After building and unit-testing your code, you’re ready to promote it to production. However, it’s important to run performance testing before creating your pull request. Here’s how I handle that process using Blueprint’s Lakehouse Optimizer (LHO), the most effective optimization tool for Databricks.

Optimizing Databricks Workflows with LHO

1.

Ensure LHO is configured to monitor Databricks Workflow Jobs in your dev environment. If it’s not, contact your LHO admin to enable monitoring.

2.

You must set up a Databricks Workflow for your new data process. This involves targeting your development environment with the test job. Setting up your dev environment with a representative initial data set is essential for performance testing. This ensures that when you run the job, it will closely match your production data set, avoiding any discrepancies in the testing process.

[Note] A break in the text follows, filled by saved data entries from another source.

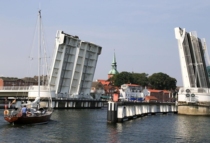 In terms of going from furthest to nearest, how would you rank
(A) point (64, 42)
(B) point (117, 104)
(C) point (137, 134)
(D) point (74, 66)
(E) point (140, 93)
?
(E) point (140, 93)
(D) point (74, 66)
(A) point (64, 42)
(B) point (117, 104)
(C) point (137, 134)

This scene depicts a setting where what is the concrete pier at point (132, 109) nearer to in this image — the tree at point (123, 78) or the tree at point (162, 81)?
the tree at point (162, 81)

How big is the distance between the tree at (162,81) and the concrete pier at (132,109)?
57574 millimetres

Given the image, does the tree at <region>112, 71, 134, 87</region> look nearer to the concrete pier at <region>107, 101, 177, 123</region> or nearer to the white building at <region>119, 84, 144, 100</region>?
the white building at <region>119, 84, 144, 100</region>

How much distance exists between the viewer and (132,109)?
47.9 meters

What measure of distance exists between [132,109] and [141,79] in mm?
81472

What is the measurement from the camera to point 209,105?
57.2 meters

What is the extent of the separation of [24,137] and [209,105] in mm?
35694

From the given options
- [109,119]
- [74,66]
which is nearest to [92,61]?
[74,66]

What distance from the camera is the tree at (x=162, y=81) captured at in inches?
4845

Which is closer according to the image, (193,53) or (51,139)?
(51,139)

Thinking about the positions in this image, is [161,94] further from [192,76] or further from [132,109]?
[132,109]

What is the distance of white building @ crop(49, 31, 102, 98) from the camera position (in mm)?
69250

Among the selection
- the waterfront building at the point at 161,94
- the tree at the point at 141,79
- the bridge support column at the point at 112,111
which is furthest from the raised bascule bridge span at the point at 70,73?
the tree at the point at 141,79

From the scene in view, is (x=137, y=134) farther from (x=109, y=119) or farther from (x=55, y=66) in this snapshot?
(x=55, y=66) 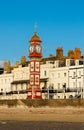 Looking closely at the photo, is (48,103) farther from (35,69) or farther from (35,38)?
(35,38)

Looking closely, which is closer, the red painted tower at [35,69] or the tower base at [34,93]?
the tower base at [34,93]

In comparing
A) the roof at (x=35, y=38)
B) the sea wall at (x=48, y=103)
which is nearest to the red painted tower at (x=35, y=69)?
the roof at (x=35, y=38)

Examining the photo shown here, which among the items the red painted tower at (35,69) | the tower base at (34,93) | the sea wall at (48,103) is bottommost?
the sea wall at (48,103)

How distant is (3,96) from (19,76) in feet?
29.6

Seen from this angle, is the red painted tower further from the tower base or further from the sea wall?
the sea wall

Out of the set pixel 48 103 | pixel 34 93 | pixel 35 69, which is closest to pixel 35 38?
pixel 35 69

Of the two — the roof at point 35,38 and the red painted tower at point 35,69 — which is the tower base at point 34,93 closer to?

If you want to learn methods for generating test datasets, there are several ready-made tools for the job – I’ve had success using Faker. The metadata of your test dataset needs to resemble production data, and you’ll also want to generate a reasonable amount of data. For instance, if the process you’re testing typically handles gigabytes of data, create a test dataset of approximately that size. Faker can rapidly generate the data, and storage is affordable, but having a comparable dataset is crucial.

3.

Kick off your test job. When it’s complete, go to the Workloads section of LHO. You can scroll to your test job or search for it by Job Name or ID.

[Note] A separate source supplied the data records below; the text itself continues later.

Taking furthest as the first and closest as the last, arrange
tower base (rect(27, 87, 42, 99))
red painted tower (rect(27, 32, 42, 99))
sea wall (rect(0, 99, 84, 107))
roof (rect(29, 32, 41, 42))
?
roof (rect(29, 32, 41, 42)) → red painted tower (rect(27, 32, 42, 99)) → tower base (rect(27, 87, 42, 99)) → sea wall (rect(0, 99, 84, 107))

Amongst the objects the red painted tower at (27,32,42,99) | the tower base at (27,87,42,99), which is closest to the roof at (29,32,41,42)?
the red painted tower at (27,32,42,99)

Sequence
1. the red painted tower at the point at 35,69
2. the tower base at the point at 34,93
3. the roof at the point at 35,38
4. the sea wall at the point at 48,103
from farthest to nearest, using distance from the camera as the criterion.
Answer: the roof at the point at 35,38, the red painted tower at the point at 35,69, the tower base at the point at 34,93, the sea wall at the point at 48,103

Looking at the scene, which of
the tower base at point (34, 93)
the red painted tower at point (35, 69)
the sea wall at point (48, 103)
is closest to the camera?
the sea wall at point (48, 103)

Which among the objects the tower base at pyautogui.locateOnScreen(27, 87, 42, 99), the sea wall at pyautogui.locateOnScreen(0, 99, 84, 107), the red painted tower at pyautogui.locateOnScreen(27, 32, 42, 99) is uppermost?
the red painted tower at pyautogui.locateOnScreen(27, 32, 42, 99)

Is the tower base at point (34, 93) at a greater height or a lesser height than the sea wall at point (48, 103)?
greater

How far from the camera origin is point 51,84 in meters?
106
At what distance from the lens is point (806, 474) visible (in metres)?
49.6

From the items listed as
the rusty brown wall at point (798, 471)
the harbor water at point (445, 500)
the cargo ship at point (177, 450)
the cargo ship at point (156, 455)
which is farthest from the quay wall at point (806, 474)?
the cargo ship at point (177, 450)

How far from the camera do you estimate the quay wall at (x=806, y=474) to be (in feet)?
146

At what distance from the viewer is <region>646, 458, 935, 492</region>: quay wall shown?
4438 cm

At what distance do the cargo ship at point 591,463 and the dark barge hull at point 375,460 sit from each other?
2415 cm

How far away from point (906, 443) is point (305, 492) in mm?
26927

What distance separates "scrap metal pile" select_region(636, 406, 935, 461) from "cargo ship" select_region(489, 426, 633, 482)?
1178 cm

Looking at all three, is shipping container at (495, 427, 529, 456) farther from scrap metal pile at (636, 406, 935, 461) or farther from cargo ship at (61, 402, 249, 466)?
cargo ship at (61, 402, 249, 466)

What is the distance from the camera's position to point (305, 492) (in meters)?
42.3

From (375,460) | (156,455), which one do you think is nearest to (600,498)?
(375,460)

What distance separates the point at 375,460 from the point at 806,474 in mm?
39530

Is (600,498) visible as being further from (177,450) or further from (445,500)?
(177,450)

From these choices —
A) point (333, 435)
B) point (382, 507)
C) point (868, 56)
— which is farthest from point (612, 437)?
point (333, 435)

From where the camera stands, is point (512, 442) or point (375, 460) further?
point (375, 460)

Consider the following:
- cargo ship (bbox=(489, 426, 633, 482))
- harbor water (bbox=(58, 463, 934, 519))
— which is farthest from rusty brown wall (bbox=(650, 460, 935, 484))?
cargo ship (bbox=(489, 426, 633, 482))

We’ve run this job several times in this case, but the process is always the same. Click on your job and then select the incidents icon. Scroll down the page until you see a section like the following. This section details incidents of your most recent run.

This list details how your code runs on the current cluster. In this case, the driver and workers are over-provisioned. They have more CPU and Memory than they need to perform the work. We could reduce the VM type and number of workers to one with fewer resources. This would mitigate unutilized resources and, thus, lower your Databricks costs.

Click the recommendations button at the top of the incident details to view a list of recommendations for changes.

Reset your dev environment so that it will perform the same workload as before.  Then, adjust your cluster configuration and re-run the test. When it’s complete, review the incidents and the new run time.  If there are new incidents and the run time is still acceptable, reset the environment and re-run the test. After 2-3 iterations of this review, you’ll have a good idea of the cluster size and configuration that you’ll need to minimize wasteful spending and align your run times with your service level agreements.

Once you’re happy with the optimization, you’re ready for that pull request.

4.

Finally, once the job is deployed to prod, you’ll want to revisit it. For the first few sprints after deployment, I check the job once a sprint to ensure my optimizations are working as intended. I’ll go back to the job details in LHO, but this time, I’ll click on the trend button.

Post-Deployment Review and Cost Optimization

I’ll review the findings here to see how things have run since deployment. One of the first things I’ll look for is failed executions.

I’ll investigate the details of these failures to determine why they failed. If I can programmatically detect and handle these errors, I’ll improve the code to handle them more gracefully and end the process as soon as possible, minimizing the cost of these failed runs. This will reduce wasteful spending.

Next, I compare the estimated total cost trend against the other charts, like data in, data out, and data processed.

If there is no correlation between data volumes and cost, I’ll want to investigate and understand why. I expect costs to increase when data in, out, or processed increases because data volumes increase over time. If the costs increase without data volume growth, I worry that the code has a flaw. When that happens, I dig deeper into the algorithms implemented in the code andI’ll find a more efficient way to solve the same problem.

Finally, I look at incidents and recommendations again. If there are new recommendations, I’ll consider them. I’ll also make changes to my test data to make it representative of the current state of my data. More data takes longer to process, which can also change how I optimize the cluster for the given job.

While these are extra development steps, this small effort can reduce costs, run times, or both—and it pays for itself quickly!

This is just the beginning of using LHO to optimize your data processing code. In future installments, I look forward to digging into orchestration problems, optimizing incremental data processing, and other common scenarios you can optimize using Blueprint’s data optimization tool!